This upcoming May at the University of Santa Croce in Rome, a conference will be held to celebrate the renowned 20th century philosopher, Dietrich von Hildebrand, and explore one of his seminal works that was published in English for the first time last year.
“Our conference,” said John Henry Crosby, founder of the Hildebrand Legacy Project, “seeks to explore the question, 'what is love?' By bringing together philosophers, theologians, psychologists, doctors, scientists, writers, and artists to unpack the original insights of Dietrich von Hildebrand’s most important philosophical work, The Nature of Love.”
“We want to think deeply about what love is, what it is not, and how we can all learn to live it more deeply,” Crosby said.
The Hildebrand Legacy Project was founded in 2004 by John Henry Crosby with the help of his father, Franciscan University professor John F. Crosby, Dr. Alice von Hildebrand and friend Anthony Gualandri as an initiative “to promote the thought and spirit of Dietrich Von Hildebrand by preserving his memory and disseminating his writings, especially in the English speaking world.”

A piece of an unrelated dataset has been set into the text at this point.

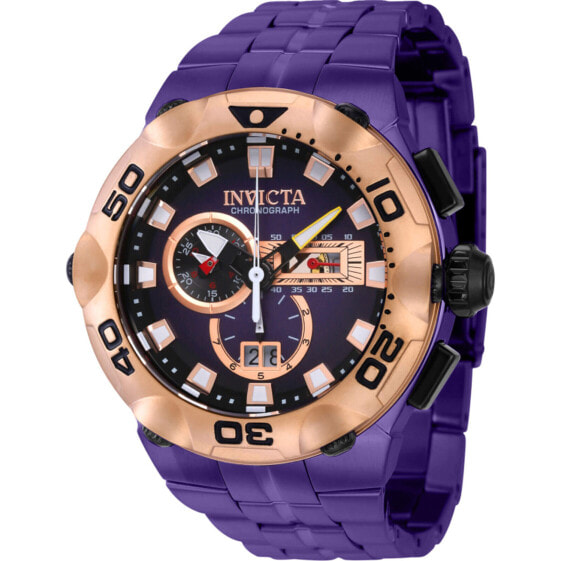 Часы Invicta Subaqua Purple Chronograph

As part of this effort, the project is holding a conference in Rome May 27-29, 2010 for the purpose of discussing Dietrich von Hildebrand's work, “The Nature of Love,” published in 2009 for the first time in English.
“Pope John Paul II famously wrote that 'Man cannot live without love,'” Crosby told CNA, going on to finish the quote, 'He remains a being that is incomprehensible for himself, his life is senseless, if love is not revealed to him, if he does not encounter love, if he does not experience it and make it his own, if he does not participate intimately in it.'
“If our conference has a premise,” he continued, “then there could be no better summary of it than these words of John Paul. For this very reason, the question of the nature of love is unavoidable. Love may be the most central human reality, that without which we cannot live, yet it is also enormously vulnerable to false conceptions.”
Anthony Gualandri, co-founder of the Hildebrand Legacy Project, told CNA that they are anticipating 300-500 people in attendance.
Pope Benedict XVI has taken an active interest in the Hildebrand Legacy Project, not only holding audiences in the past with John Henry Crosby and Alice von Hildebrand, the late philosopher's wife, but also giving a $45,000 Papal Foundation grant to the organization. Crosby has previously said that the Holy Father considers Dietrich von Hildebrand a voice of reason in an age that has largely despaired of reason.
The conference will be broadcast May 27-29 via their website www.hildebrandlegacy.org.